## WHAT YOU ARE ASKED TO DO
Copy out every record below, word for word.

## INFORMATION SUPPLIED
++++++++++

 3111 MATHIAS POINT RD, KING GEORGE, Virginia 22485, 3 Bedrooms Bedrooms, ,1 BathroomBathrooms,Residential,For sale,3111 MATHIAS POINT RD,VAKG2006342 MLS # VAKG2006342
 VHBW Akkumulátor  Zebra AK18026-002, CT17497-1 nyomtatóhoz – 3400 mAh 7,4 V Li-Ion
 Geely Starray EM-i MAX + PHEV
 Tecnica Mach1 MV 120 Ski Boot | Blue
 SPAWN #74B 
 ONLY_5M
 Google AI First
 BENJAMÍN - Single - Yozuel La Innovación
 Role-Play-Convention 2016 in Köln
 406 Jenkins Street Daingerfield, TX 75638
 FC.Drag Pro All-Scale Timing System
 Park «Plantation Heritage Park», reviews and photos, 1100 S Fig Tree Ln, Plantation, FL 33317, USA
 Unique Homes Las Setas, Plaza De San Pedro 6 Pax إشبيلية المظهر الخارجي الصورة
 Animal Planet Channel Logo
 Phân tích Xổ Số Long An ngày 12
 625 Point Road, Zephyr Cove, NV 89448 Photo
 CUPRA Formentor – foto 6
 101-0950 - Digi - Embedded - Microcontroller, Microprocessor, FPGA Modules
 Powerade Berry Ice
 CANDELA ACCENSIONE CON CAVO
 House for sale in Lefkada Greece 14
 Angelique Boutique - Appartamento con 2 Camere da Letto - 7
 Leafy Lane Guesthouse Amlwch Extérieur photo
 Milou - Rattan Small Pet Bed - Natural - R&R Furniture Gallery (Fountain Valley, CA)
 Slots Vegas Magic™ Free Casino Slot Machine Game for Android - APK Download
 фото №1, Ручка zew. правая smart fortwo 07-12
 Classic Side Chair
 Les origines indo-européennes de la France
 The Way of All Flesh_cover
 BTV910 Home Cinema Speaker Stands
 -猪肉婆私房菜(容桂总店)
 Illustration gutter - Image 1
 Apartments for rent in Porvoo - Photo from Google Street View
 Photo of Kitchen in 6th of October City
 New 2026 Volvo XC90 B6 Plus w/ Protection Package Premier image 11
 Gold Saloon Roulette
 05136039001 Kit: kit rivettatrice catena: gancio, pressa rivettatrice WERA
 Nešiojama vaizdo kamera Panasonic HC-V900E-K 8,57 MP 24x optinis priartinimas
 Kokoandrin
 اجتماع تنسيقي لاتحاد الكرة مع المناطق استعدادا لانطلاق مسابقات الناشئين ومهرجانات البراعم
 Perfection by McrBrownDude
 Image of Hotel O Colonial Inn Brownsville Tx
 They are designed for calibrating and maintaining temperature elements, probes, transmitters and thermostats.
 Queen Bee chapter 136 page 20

++++++++++

## TASK OUTPUT
 3111 MATHIAS POINT RD, KING GEORGE, Virginia 22485, 3 Bedrooms Bedrooms, ,1 BathroomBathrooms,Residential,For sale,3111 MATHIAS POINT RD,VAKG2006342 MLS # VAKG2006342
 VHBW Akkumulátor  Zebra AK18026-002, CT17497-1 nyomtatóhoz – 3400 mAh 7,4 V Li-Ion
 Geely Starray EM-i MAX + PHEV
 Tecnica Mach1 MV 120 Ski Boot | Blue
 SPAWN #74B 
 ONLY_5M
 Google AI First
 BENJAMÍN - Single - Yozuel La Innovación
 Role-Play-Convention 2016 in Köln
 406 Jenkins Street Daingerfield, TX 75638
 FC.Drag Pro All-Scale Timing System
 Park «Plantation Heritage Park», reviews and photos, 1100 S Fig Tree Ln, Plantation, FL 33317, USA
 Unique Homes Las Setas, Plaza De San Pedro 6 Pax إشبيلية المظهر الخارجي الصورة
 Animal Planet Channel Logo
 Phân tích Xổ Số Long An ngày 12
 625 Point Road, Zephyr Cove, NV 89448 Photo
 CUPRA Formentor – foto 6
 101-0950 - Digi - Embedded - Microcontroller, Microprocessor, FPGA Modules
 Powerade Berry Ice
 CANDELA ACCENSIONE CON CAVO
 House for sale in Lefkada Greece 14
 Angelique Boutique - Appartamento con 2 Camere da Letto - 7
 Leafy Lane Guesthouse Amlwch Extérieur photo
 Milou - Rattan Small Pet Bed - Natural - R&R Furniture Gallery (Fountain Valley, CA)
 Slots Vegas Magic™ Free Casino Slot Machine Game for Android - APK Download
 фото №1, Ручка zew. правая smart fortwo 07-12
 Classic Side Chair
 Les origines indo-européennes de la France
 The Way of All Flesh_cover
 BTV910 Home Cinema Speaker Stands
 -猪肉婆私房菜(容桂总店)
 Illustration gutter - Image 1
 Apartments for rent in Porvoo - Photo from Google Street View
 Photo of Kitchen in 6th of October City
 New 2026 Volvo XC90 B6 Plus w/ Protection Package Premier image 11
 Gold Saloon Roulette
 05136039001 Kit: kit rivettatrice catena: gancio, pressa rivettatrice WERA
 Nešiojama vaizdo kamera Panasonic HC-V900E-K 8,57 MP 24x optinis priartinimas
 Kokoandrin
 اجتماع تنسيقي لاتحاد الكرة مع المناطق استعدادا لانطلاق مسابقات الناشئين ومهرجانات البراعم
 Perfection by McrBrownDude
 Image of Hotel O Colonial Inn Brownsville Tx
 They are designed for calibrating and maintaining temperature elements, probes, transmitters and thermostats.
 Queen Bee chapter 136 page 20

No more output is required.